A Igreja de Roma, mercê
de circunstâncias e condicionamentos históricos, tornara-se a única sede
importante do Ocidente, ao passo que as Igrejas Orientais católicas, que podiam
exercer uma influência moderadora na manutenção das ancestrais estruturas de
participação no governo eclesial, ficaram totalmente separadas, seguindo a própria
via e tradição. Grandes Igrejas do Ocidente, quase parceiras da Romana, como a
do Norte de África e a da Espanha visigótica, sucumbiram ao Islão. A única
Igreja florescente de então é a da Inglaterra, que emerge da Igreja Romana, com
as tradições e praxes canónicas desta. Quando, sob os Carolíngios, se realiza a
unidade europeia, é a práxis da Igreja Romana que se instaura e difunde. Daí resultou,
de forma pacífica, o fenómeno da centralização do Papado como fator de
fortalecimento do Ocidente, que emergia de uma grave e profunda crise. No
Pontificado de Inocêncio III (1198-1216), o mais significativo
da centralização medieval da Igreja, o consistório reúne-se regularmente três
vezes por semana. E, durante toda a Idade Média, tem reuniões regulares para
deliberar e decidir sobre as questões mais importantes, quer de ordem
espiritual quer temporal.
Na crescente organização
da Cúria Romana, o Sacro Colégio mantém-se no topo, unido ao Papa no governo da
Igreja, sendo o seu contributo sempre de auxílio e não de controlo ou
diminuição da ação papal. No entanto, registam-se várias tentativas da parte
dos cardeais de condicionar o Papa, através de “capitulações” ou compromissos
feitos durante o conclave e tendentes a obrigar o eleito a aceitar algumas
exigências dos cardeais, mas todas essas “capitulações” foram, total ou
parcialmente, revogadas pelo Papa eleito. Por outro lado, pontificados
breves e prolongadas situações de sede
vacante (20 meses, em 1241; e 32, em 1268) favoreceram a importância
dos cardeais, que não chegou a consolidar-se. Cabe, entretanto, ao camerlengo
administrar da propriedade e a receita da Santa
Sé, determinar formalmente a morte do Papa e servir de Chefe de Estado sede vacante, mas competindo o governo à
congregação geral dos cardeais. E compete ao protodiácono
anunciar ao mundo o Papa eleito.
Também a
composição numérica do Sacro Colégio variou através dos tempos em proporção
inversa entre importância e quantidade. No início do século XII, os cardeais
são 53; no século seguinte, não superam os 20 e, por vezes reduzem-se a 10. Na
situação sede vacante de 1254, os
cardeais que elegem Alexandre IV são apenas 13. Em 1261, Urbano IV foi eleito
por 8 cardeais e, em 1277, Nicolau III foi-o por igual número. A estabilidade
no número de cardeais foi estabelecida por Sixto V, que o fixou em 70. Foi o
Papa João XXIII quem estatuiu que todos os cardeais (independentemente da ordem que integrem) recebessem a ordenação episcopal
e superou o número limite da composição do Sacro Colégio. João Paulo II irá
ainda mais longe no número e internacionalização do Sacro Colégio. Paulo
VI estabeleceu como limite de idade os 80 anos para a participação no conclave
e o número de 120 de cardeais eleitores e decretou que os Patriarcas das Igrejas Católicas de Rito Oriental elevados ao Colégio
Cardinalício passam a integrar
Ordem dos cardeais-bispos ficando hierarquicamente a seguir aos demais
cardeais-bispos suburbicários. Também a partir de João XXIII, os cardeais-bispos, embora
recebam o título de uma igreja suburbicária de Roma não possuem quaisquer poderes de
administração sobre as mesmas dioceses, que possuem um outro bispo residencial.

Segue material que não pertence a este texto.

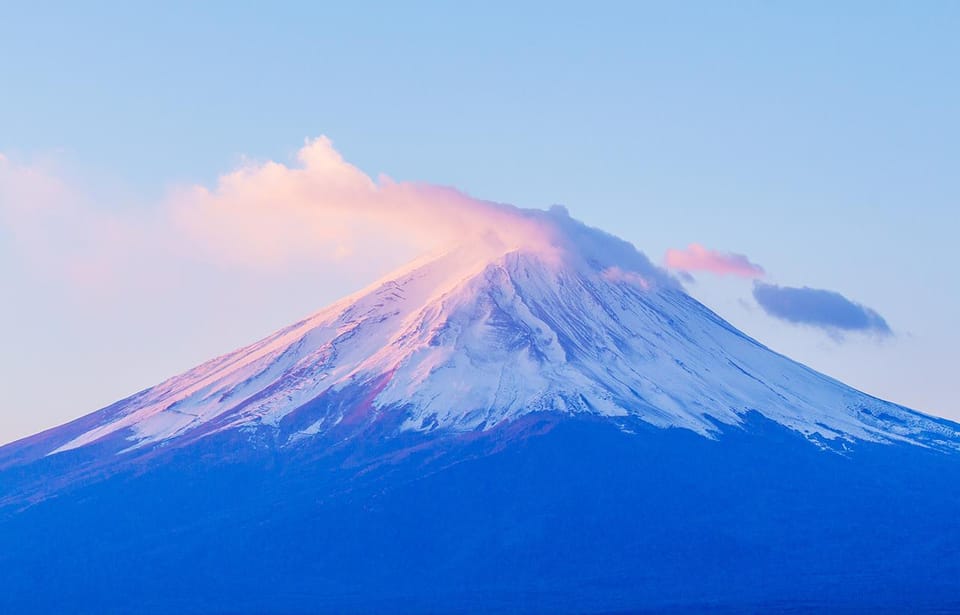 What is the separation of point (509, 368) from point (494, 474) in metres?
13.0

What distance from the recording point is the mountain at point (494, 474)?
10212 centimetres

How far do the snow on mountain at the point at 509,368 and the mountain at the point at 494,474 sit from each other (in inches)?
9.9

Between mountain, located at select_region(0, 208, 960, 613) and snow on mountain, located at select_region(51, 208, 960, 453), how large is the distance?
252mm

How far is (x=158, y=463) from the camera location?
121375mm

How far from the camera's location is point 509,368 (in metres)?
125

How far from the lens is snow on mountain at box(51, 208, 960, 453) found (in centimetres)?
12281

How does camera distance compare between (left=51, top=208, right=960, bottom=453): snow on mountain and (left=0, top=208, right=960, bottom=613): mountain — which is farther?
(left=51, top=208, right=960, bottom=453): snow on mountain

Hoje, os cardeais, qua tali, têm funções bastante reduzidas:
colaboram com o Santo Padre no exercício da sua função primacial, mas mais
integrados nos organismos da Cúria Romana (nem sempre
são presididos por cardeais) do que através de verdadeiros consistórios, que são
mais reminiscências históricas que estruturas efectivamente decisionais. O
consistório hoje serve mais para formalizar certas decisões, que para as
discutir ou decidir. O poder mais significativo que o Colégio Cardinalício
mantém é o de eleger o Papa, prerrogativa que se reduz à escolha de uma pessoa,
mas que, indiretamente, pode comportar a opção de uma linha de pontificado.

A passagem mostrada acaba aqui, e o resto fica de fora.